Di hadapan 80 orang anggota dewan yang hadir (berdasarkan headcount), rapat kemudian dibuka oleh Wakil Ketua DPR RI Fahri Hamzah. Selaku pimpinan sidang, Fahri mengklaim ada 289 dari 560 anggota DPR yang sudah menandatangani daftar hadir dalam persidangan tersebut, sehingga bisa dinyatakan kuorum.

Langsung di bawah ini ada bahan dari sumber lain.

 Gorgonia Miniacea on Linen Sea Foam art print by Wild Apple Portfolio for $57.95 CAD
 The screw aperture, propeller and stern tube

"Oleh karena itu, kuorum telah tercapai, dan dengan mengucap bismillahirahmanirrahim, perkenankanlah kami pimpinan dewan membuka rapat ini, Selasa 17 September dibuka dan terbuka untuk umum," kata Fahri saat membuka sidang.

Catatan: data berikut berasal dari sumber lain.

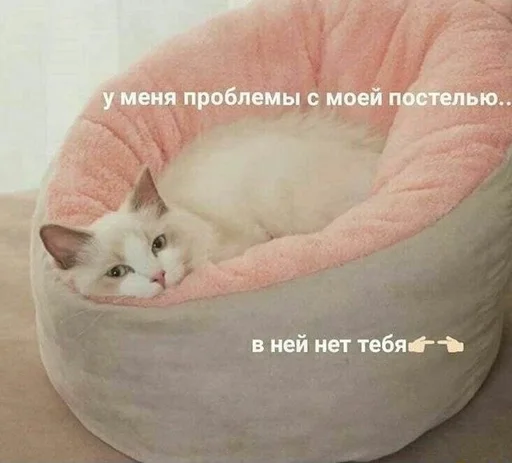 🥹 Стикер «животные кьют» для Telegram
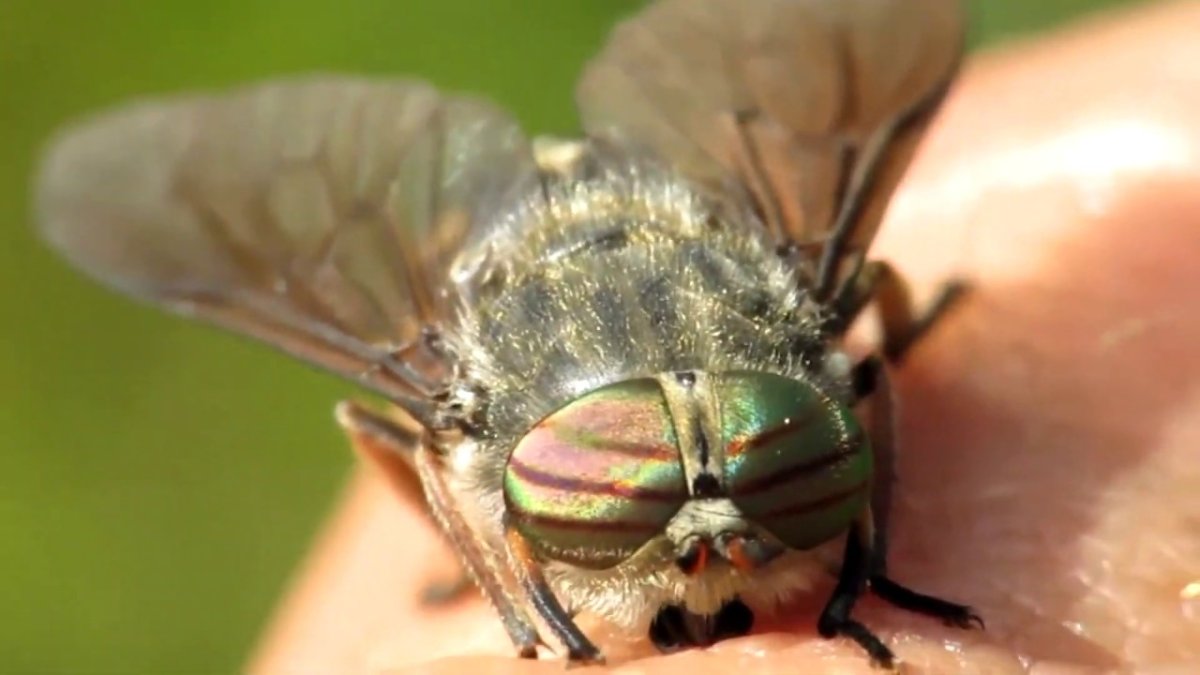 Овод Шершень слепень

Selanjutnya, rapat berjalan cepat dan lancar. Selama 30 menit, tidak ada perdebatan, hingga pimpinan sidang mengetok palu pengesahan dengan mulus. Keberatan fraksi baru dibacakan setelah undang-undang disahkan dan dicatat dalam nota. Tujuh fraksi dari koalisi pendukung pemerintah kompak menyetujui revisi UU KPK tanpa catatan, tiga fraksi lainnya memberi catatan terkait dewan pengawas.

Pengesahan revisi UU KPK yang tergesa-gesa ini dikritik sejumlah pihak. DPR bahkan enggan menunggu pertemuan antara Presiden Jokowi dengan pimpinan KPK untuk membicarakan hal tersebut. Menteri Hukum dan HAM Yasonna Laoly mengklaim, pemerintah sudah membahas revisi UU KPK ini bersama dengan dua pimpinan KPK, yakni Agus Rahardjo dan Laode M Syarif.

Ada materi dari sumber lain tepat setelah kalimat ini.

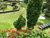 2 Tage Kurzurlaub mit Frühstück im Garden-Hotel Reinhart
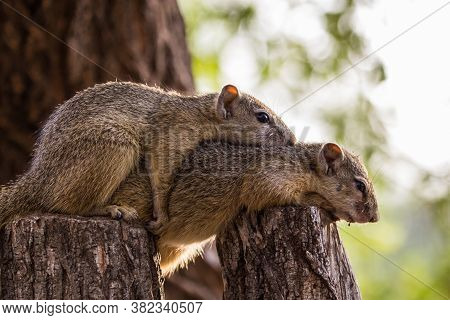 Two Tree Squirrel Brothers Resting Together On A Branch, Greater Kruger National Park.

"Saya berkomunikasi dengan Pak Laode, saya menerima Pak Laode dan Pak Agus Rahardjo di kantor saya mengenai soal ini. Saya sampaikan poin-poin yang kami sepakati," kata Yasonna, kemarin, tanpa merinci kapan pertemuan tersebut dilakukan

Tempo mencatat, sejak munculnya usul pembahasan usul revisi UU KPK hingga  disahkan dalam paripurna, perjalanan revisi ini mulus dan berlangsung kilat, pembahasannya hanya memakan waktu 13 hari.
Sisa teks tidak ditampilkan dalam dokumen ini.